Que viennent-ils faire ici ? Je ne les ai pas invités.

MANSINQUE

Vous les connaissez ?

LYNDA

D’anciens amis.

MANSINQUE

Entrez.

Scène II

MANSINQUE – LYNDA – FABIEN – FABIENNE – MAMADOU – MOHAMED – YAKOUBA – MOUSSA – JULIEN – ELVIRE

LYNDA

Je ne m’attendais vraiment pas à votre visite.

ELVIRE

Nous avons tenu à te faire la surprise.

LYNDA

Pour l’effet de surprise, c’est réussi !

JULIEN

Lynda, nous tenions à être les premiers à t’annoncer la bonne nouvelle.
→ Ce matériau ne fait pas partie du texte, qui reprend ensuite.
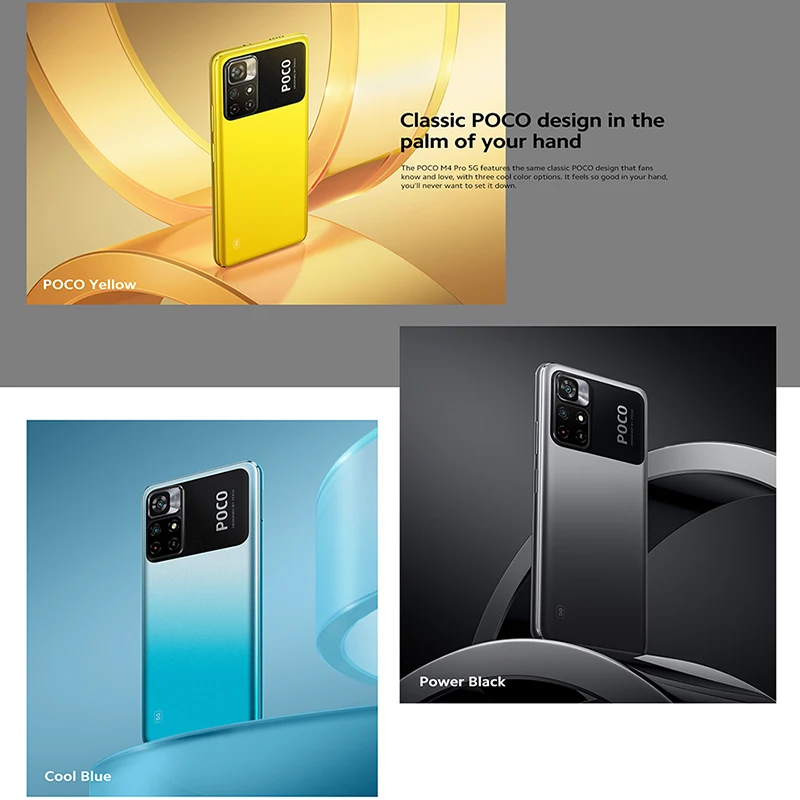 global version poco m4 pro 5g 90hz 6 6 fhd dot display dimensity 810 33w fast charging android 50mp camera 5000mah battery free global shipping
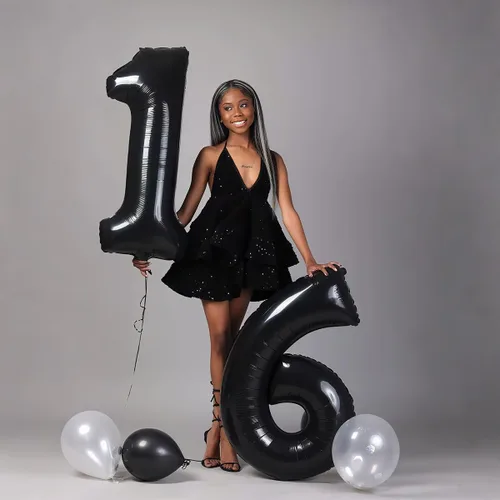 Miniatura 3 de CWOAPO Vestido corto de lentejuelas 2025 con tirantes delgados brillantes, cuello en V, vestidos de regreso a casa para adolescentes, vestido
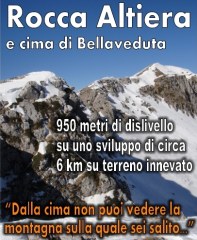 Rocca Altiera e Cima di Bellaveduta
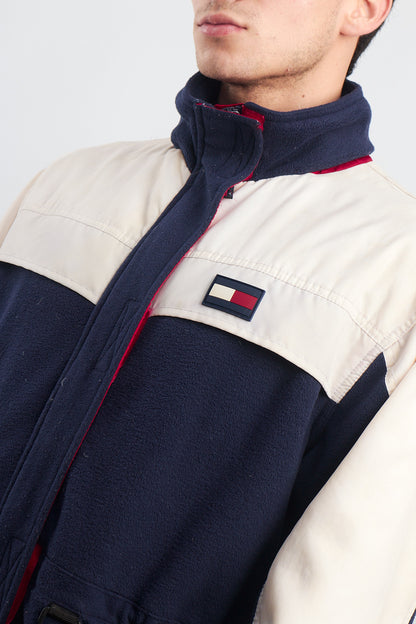 1990 Vintage Tommy Hilfiger Fleece Shell Parka Jacket (M/L)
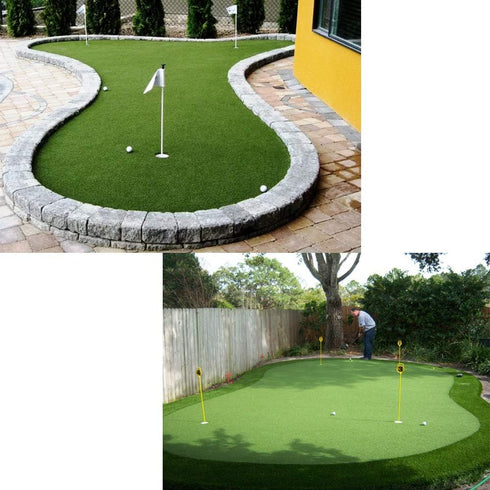 WarmShe 1FT 16FT, Golf Putting Green - Artificial Grass Turf X Indoor/Outdoor Training Mat for Baseball, Football, Gym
Elvire et moi, nous allons nous marier.

LYNDA

Je vous souhaite beaucoup de bonheur.

JULIEN

Elle n’a pas l’air vraiment ravie de nous revoir.

LYNDA

Julien, je suis très heureuse pour toi. Mais j’aurais simplement souhaité que votre venue ait été annoncée.

JULIEN

Je comprends. Pardonne-nous si nous arrivons à un mauvais moment. Nous avions une bonne intention.

LYNDA

Vous êtes excusés. Puisque vous êtes ici, prenez donc place. Nous venons d’arriver. Nos effets sont encore dans les valises.

ELVIRE

Ne sois pas fâchée contre Julien, ma petite Lynda. C’est moi qui ai eu l’idée de venir te retrouver ici. C’était peut-être une mauvaise idée, mais je tenais vraiment à te revoir. J’ai du remords, tu sais. Je voudrais tant me faire pardonner. Je voudrais que tu redeviennes mon amie, comme autrefois.

LYNDA

C’est vrai, nous avons vécu des moments mémorables, et il faut le reconnaître, des cuites fameuses. Maintenant, nous n’aurons plus l’occasion de nous enivrer ensemble, mais nous aurons encore celle de nous amuser, si toutefois tu acceptes la compagnie d’une chrétienne engagée.

ELVIRE

Ma chérie, tes convictions et tes engagements importent peu. Ce qui compte, c’est que tu m’aies pardonné mon attitude. J’étais ton amie dans les jours d’abondance, et je t’ai abandonnée dans les jours de disette.

LYNDA (à part)

Et maintenant que la fortune tourne en ma faveur, je suis de nouveau ta chérie. Méfie-toi petite Lynda !

(à Elvire)

Je n’ai laissé mon adresse à personne. Comment m’as-tu trouvée ici ?

ELVIRE

Ma pauvre Lynda ! Tu crois me connaître, mais tu ne connais de moi que l’Elvire fêtarde et superficielle. À présent que nous sommes de nouveau amies, tu vas connaître la véritable Elvire, la profonde. Cette Elvire-là n’a pas fini de t’étonner.

LYNDA

Eh bien ! Tant mieux ! Mais cela ne répond pas à ma question. Comment es-tu parvenue jusqu’à moi ?

ELVIRE

Disons que mon instinct m’a conduite.

LYNDA

Mais encore ?

ELVIRE

Il y a un Sherlock Holmes, doublé d’un James Bond qui sommeillait en moi, et que j’ai réveillé. Mais comme te voilà inquiète, ma petite chérie, que je t’aie retrouvée si facilement !

LYNDA

Écoute, Elvire. Je suis venue ici avec mes amis dans le plus grand secret. En effet, ça m’agace de savoir que tu as découvert mon repaire dans ta boule de cristal. Promets-moi au moins de ne rien dire de ma présence en ce lieu. D’ailleurs, je ne sais pas ce qui me retient de vous ligoter tous les deux et de vous enfermer dans la cave tout le temps qu’il faudra.

ELVIRE

Crois-tu qu’une bonne amie telle que moi ne soit pas capable de garder un secret ? Je serais muette comme une girafe. Nous allons rester cette nuit chez toi, et puis nous repartirons demain matin. Personne ne saura que nous t’avons revue.

LYNDA

Me voilà rassurée.

(On frappe à la fenêtre.)

Cette fois-ci, c’est une visite attendue. Julien, veux-tu bien faire découvrir à ta fiancée les joies de la campagne ? Nous avons des choses à partager.

JULIEN

Décidément, tu es une fille bien secrète.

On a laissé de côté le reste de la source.